Records for this exercise Block Start

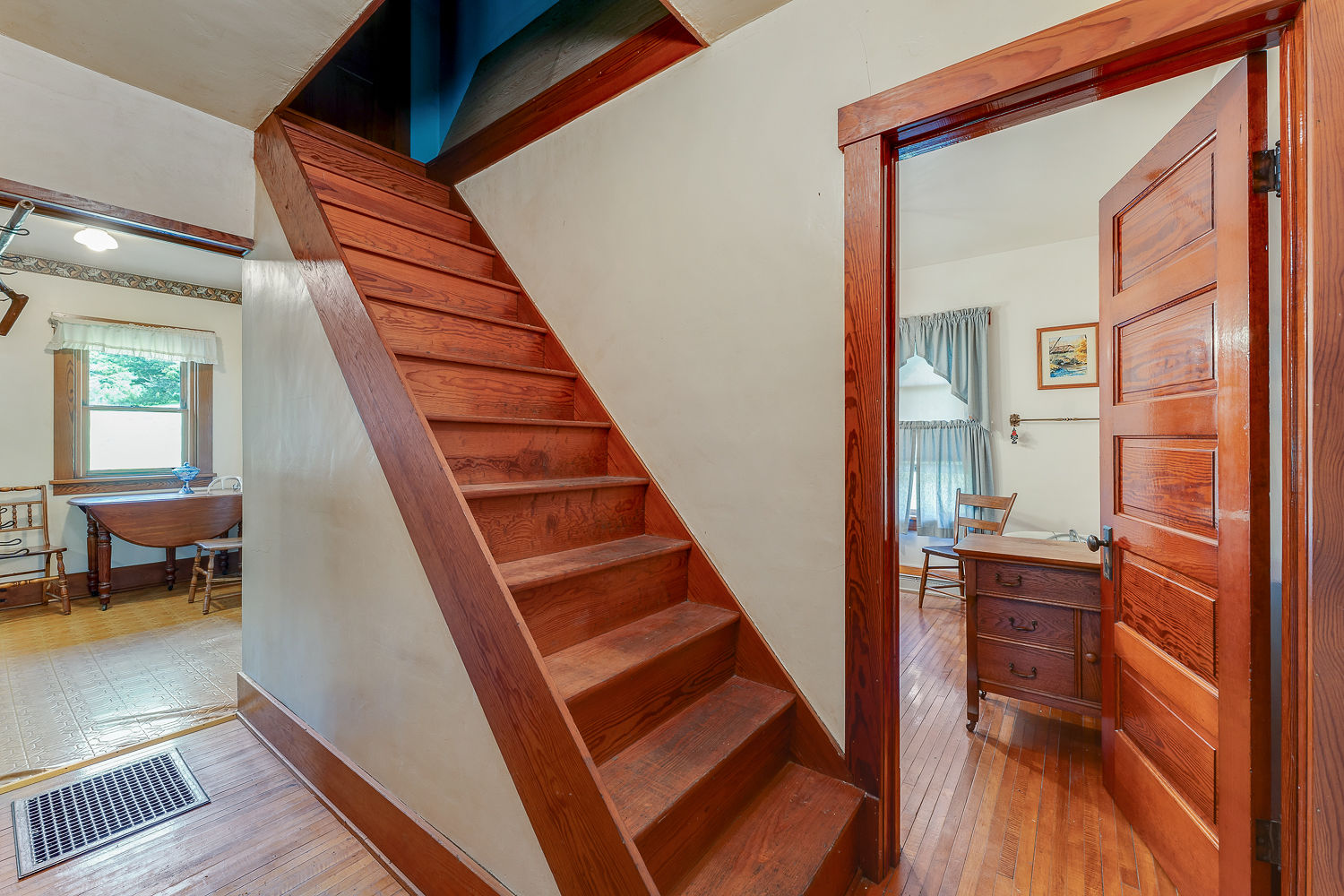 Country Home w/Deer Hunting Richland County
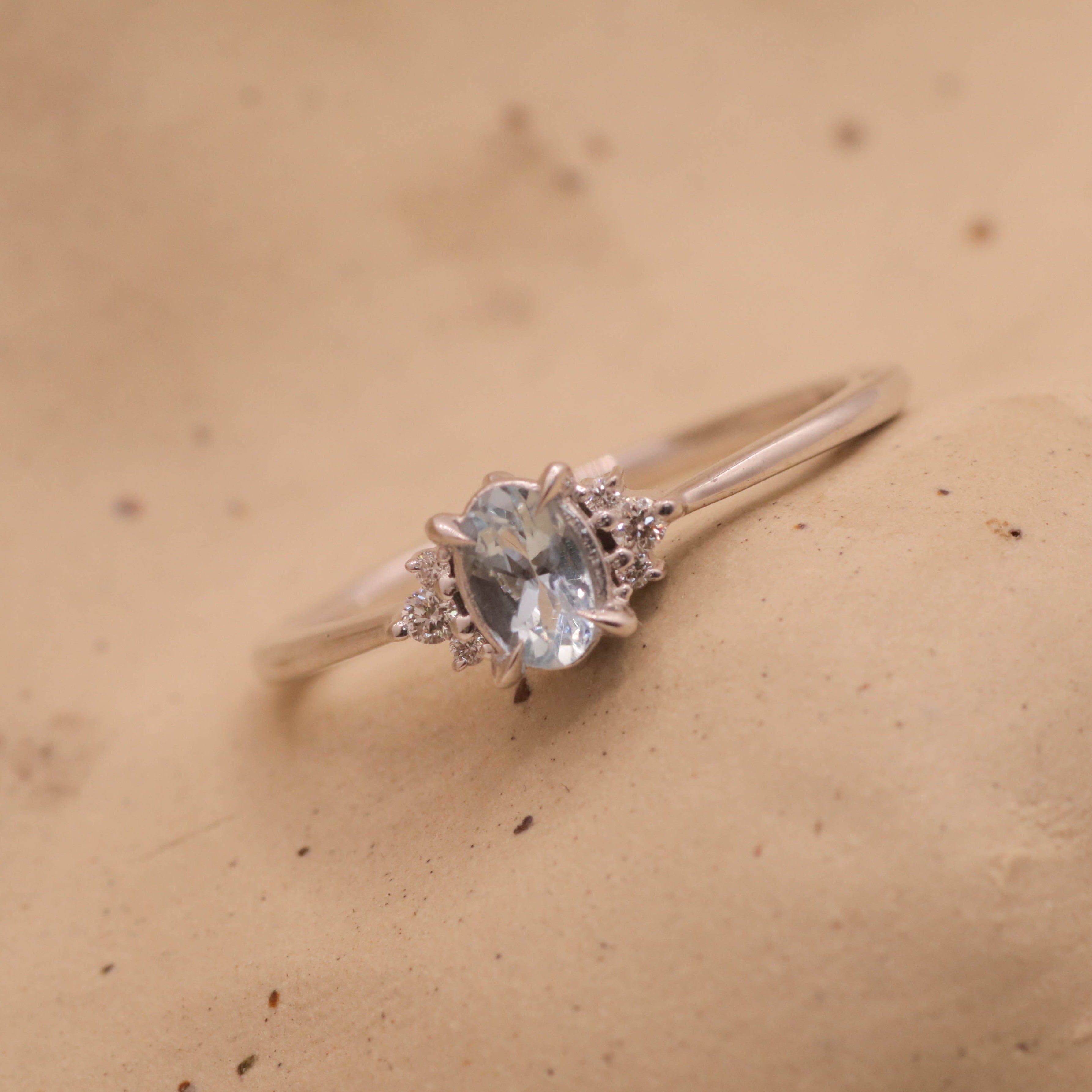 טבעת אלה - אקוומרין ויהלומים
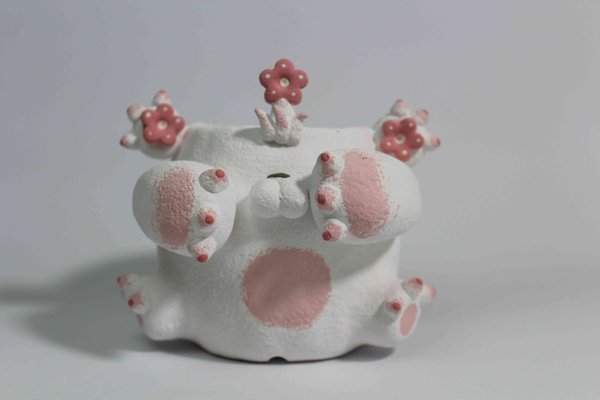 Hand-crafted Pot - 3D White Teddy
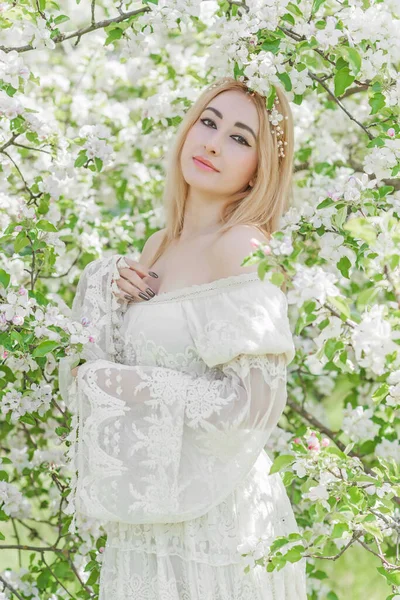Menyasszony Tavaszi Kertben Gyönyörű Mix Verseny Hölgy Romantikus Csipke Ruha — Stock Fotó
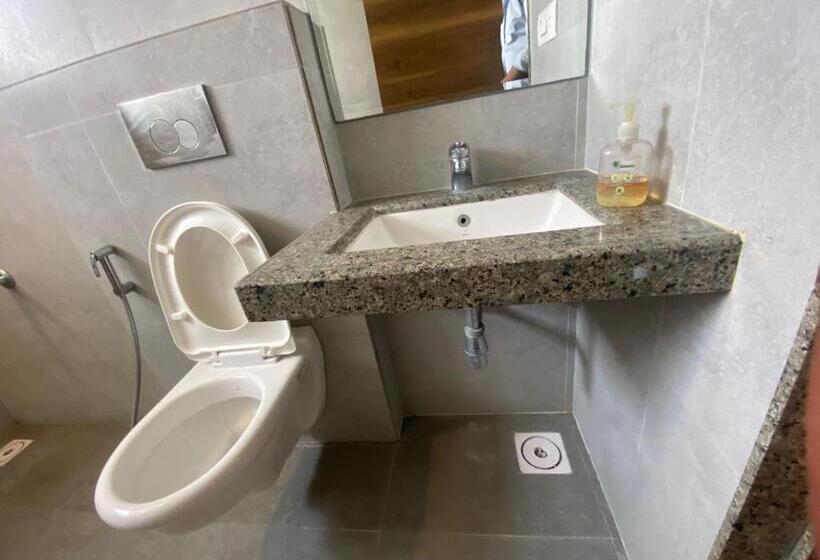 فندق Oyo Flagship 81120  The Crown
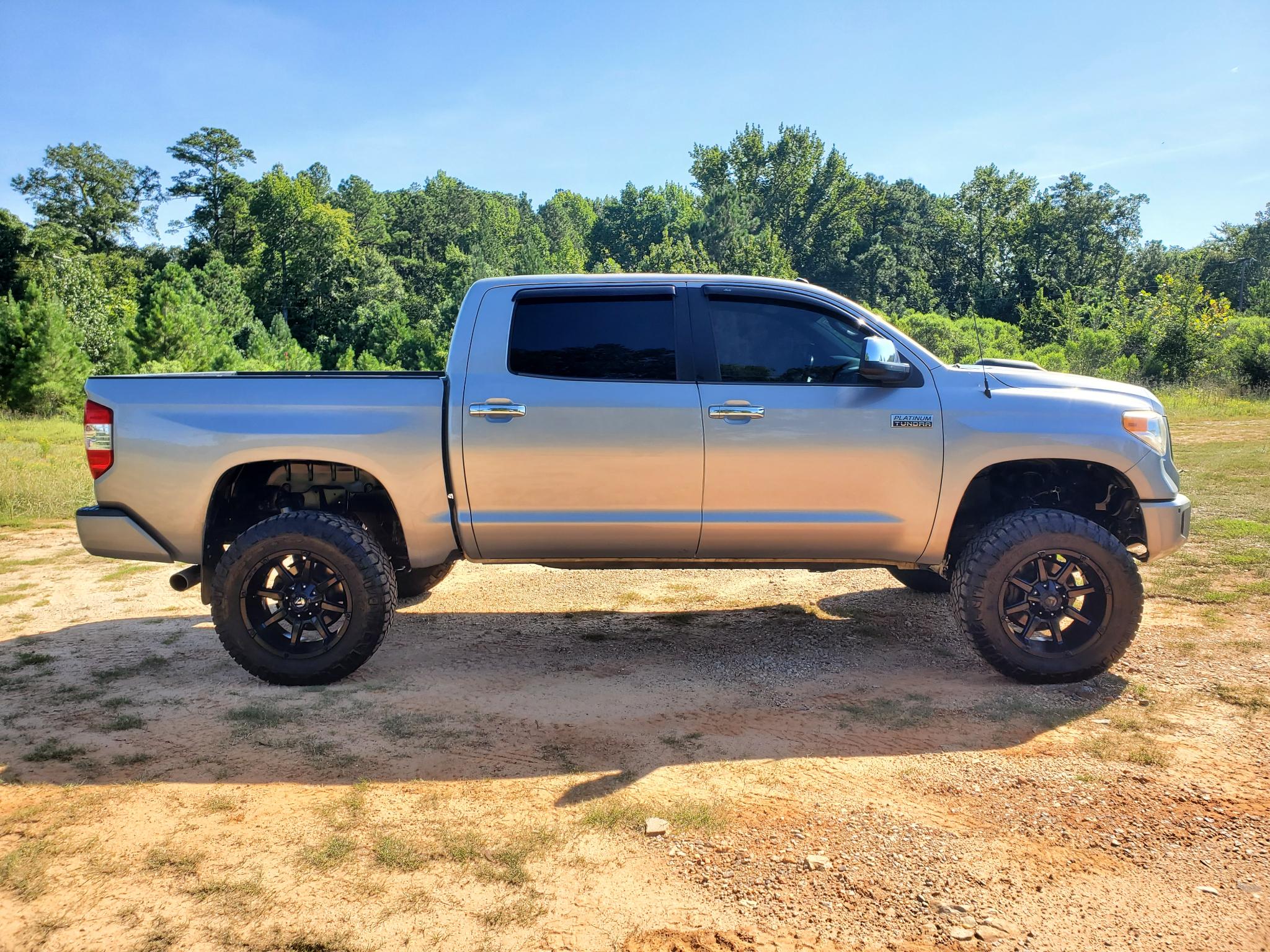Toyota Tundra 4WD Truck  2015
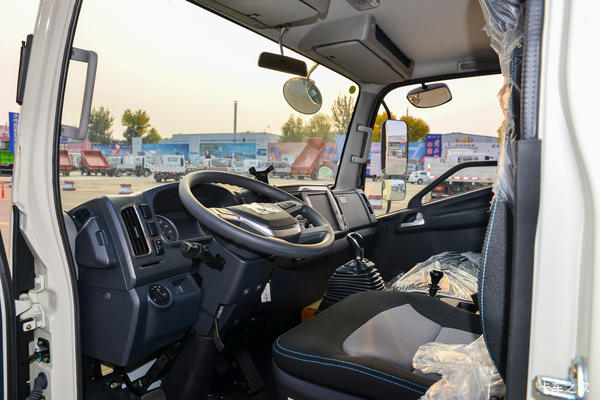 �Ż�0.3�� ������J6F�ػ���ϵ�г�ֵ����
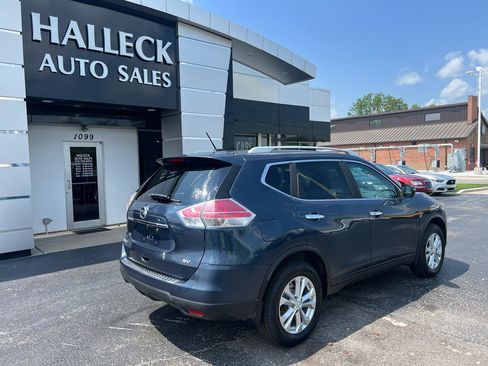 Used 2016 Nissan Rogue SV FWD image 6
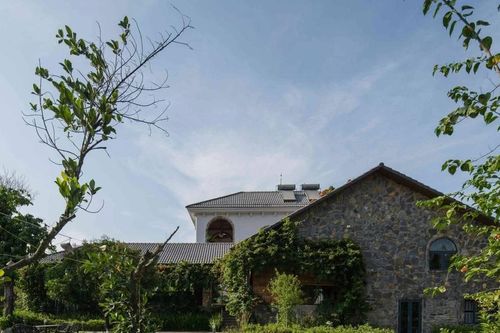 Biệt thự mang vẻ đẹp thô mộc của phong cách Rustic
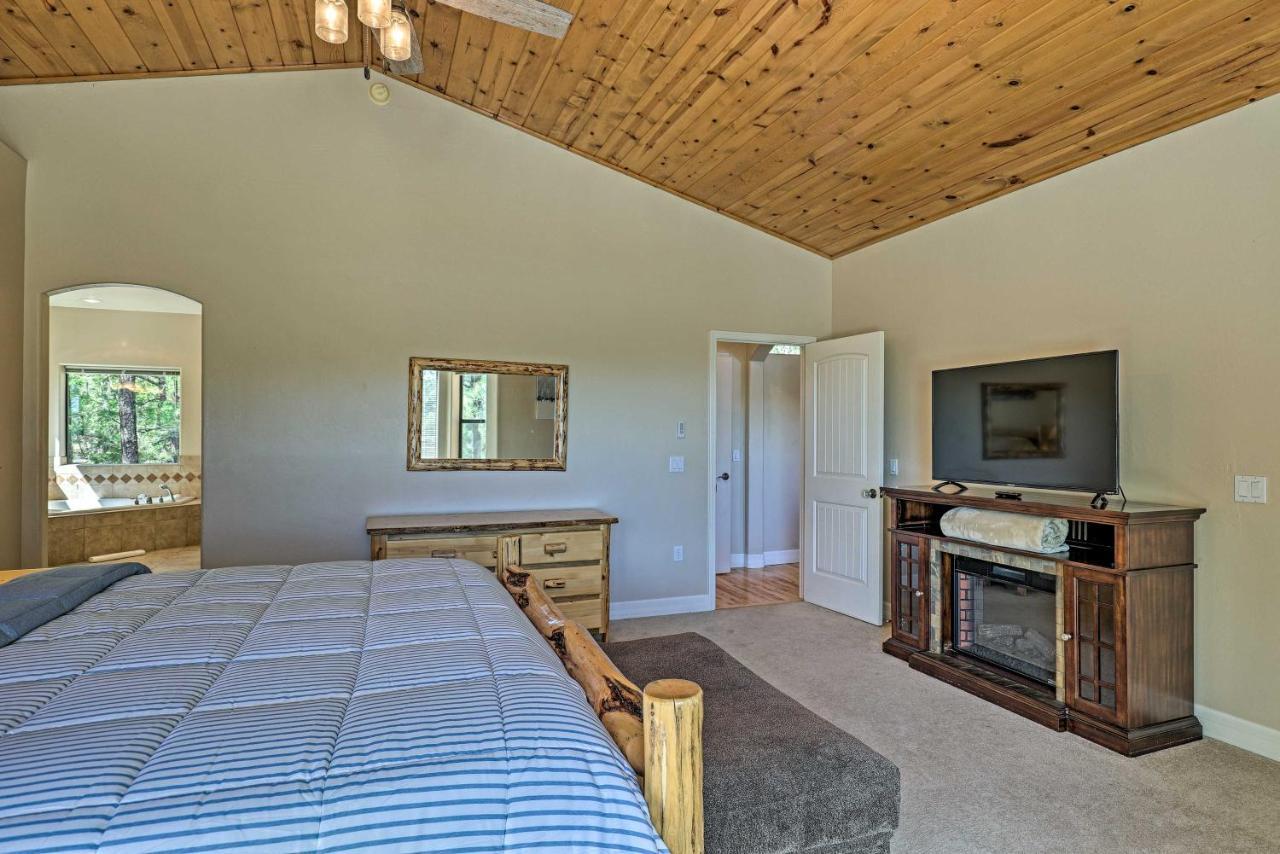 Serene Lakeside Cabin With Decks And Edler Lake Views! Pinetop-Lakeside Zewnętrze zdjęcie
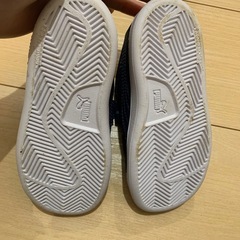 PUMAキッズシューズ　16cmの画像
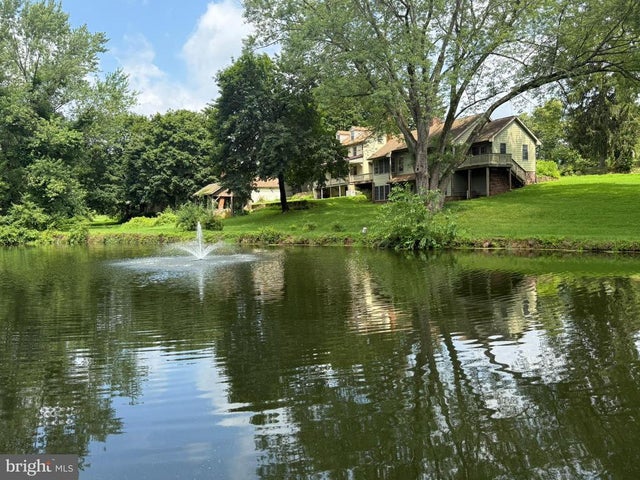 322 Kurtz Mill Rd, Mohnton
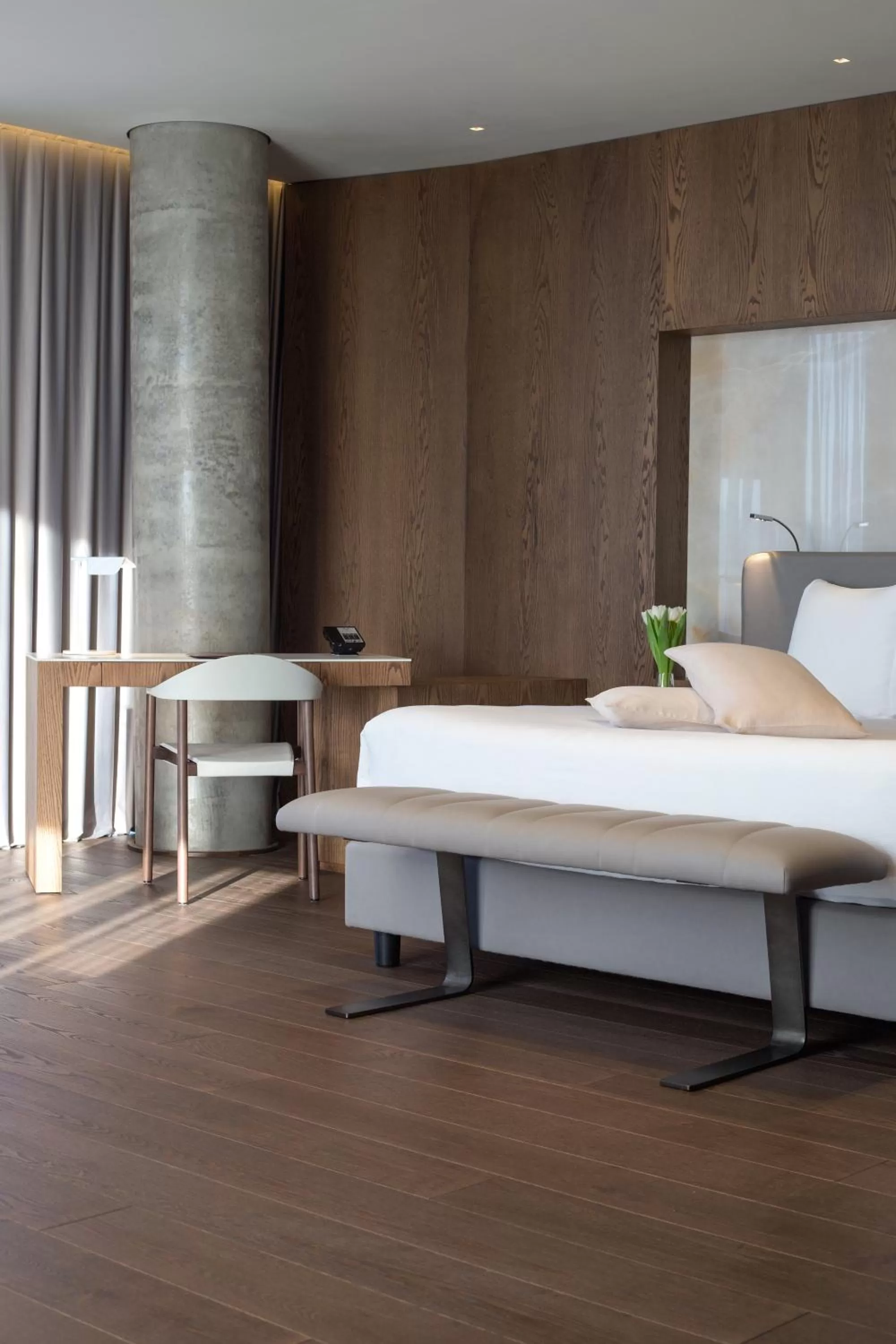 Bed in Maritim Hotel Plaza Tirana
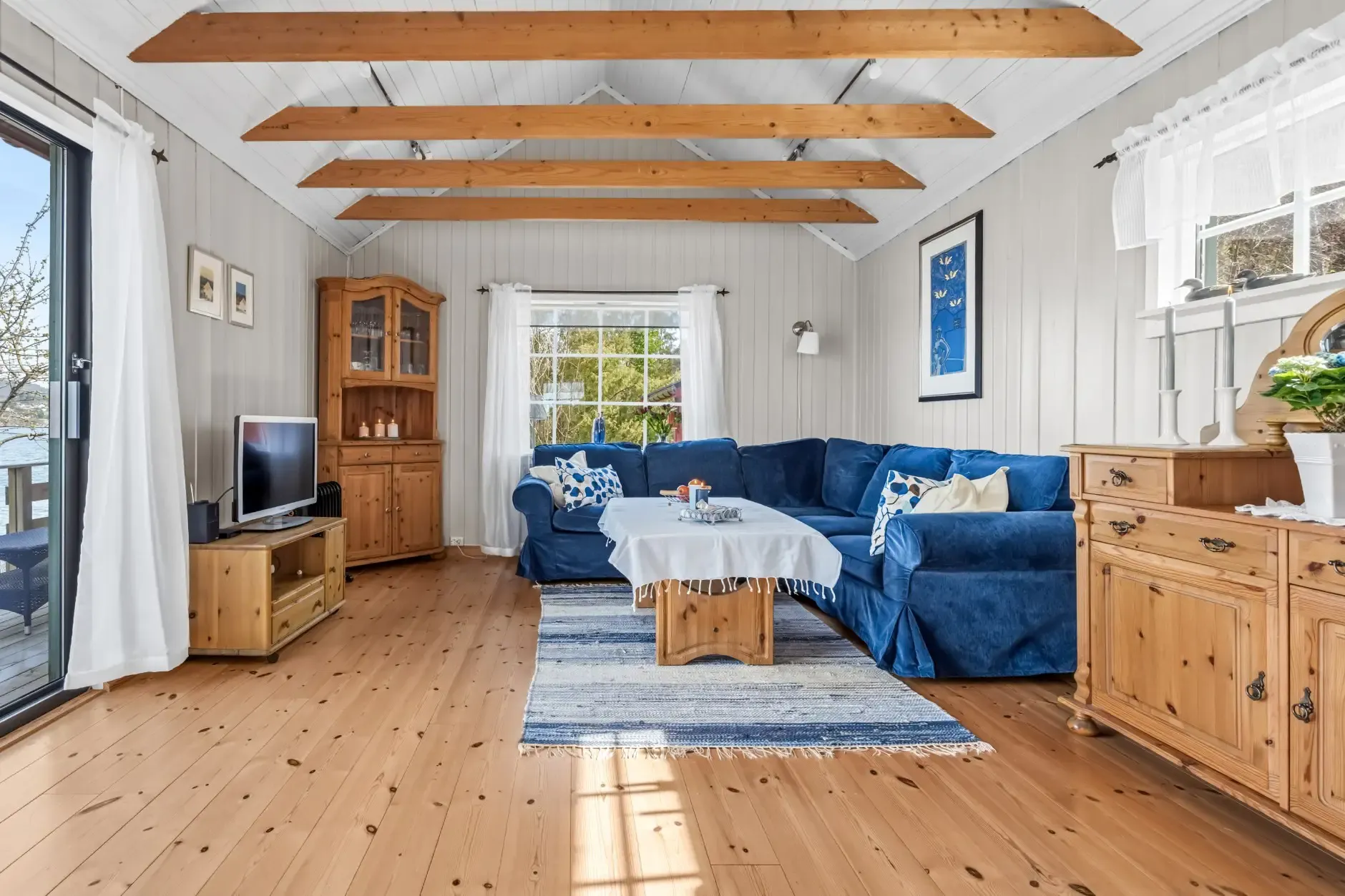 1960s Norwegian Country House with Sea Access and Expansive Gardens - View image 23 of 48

Records for this exercise Block End

- **What the exercise asks**: Set down exactly the lines from the start of the records through the line containing "Biệt thự mang", both included, and omit the pictures.

- **Answer space**:
 Country Home w/Deer Hunting Richland County
 טבעת אלה - אקוומרין ויהלומים
 Hand-crafted Pot - 3D White Teddy
Menyasszony Tavaszi Kertben Gyönyörű Mix Verseny Hölgy Romantikus Csipke Ruha — Stock Fotó
 فندق Oyo Flagship 81120  The Crown
Toyota Tundra 4WD Truck  2015
 �Ż�0.3�� ������J6F�ػ���ϵ�г�ֵ����
 Used 2016 Nissan Rogue SV FWD image 6
 Biệt thự mang vẻ đẹp thô mộc của phong cách Rustic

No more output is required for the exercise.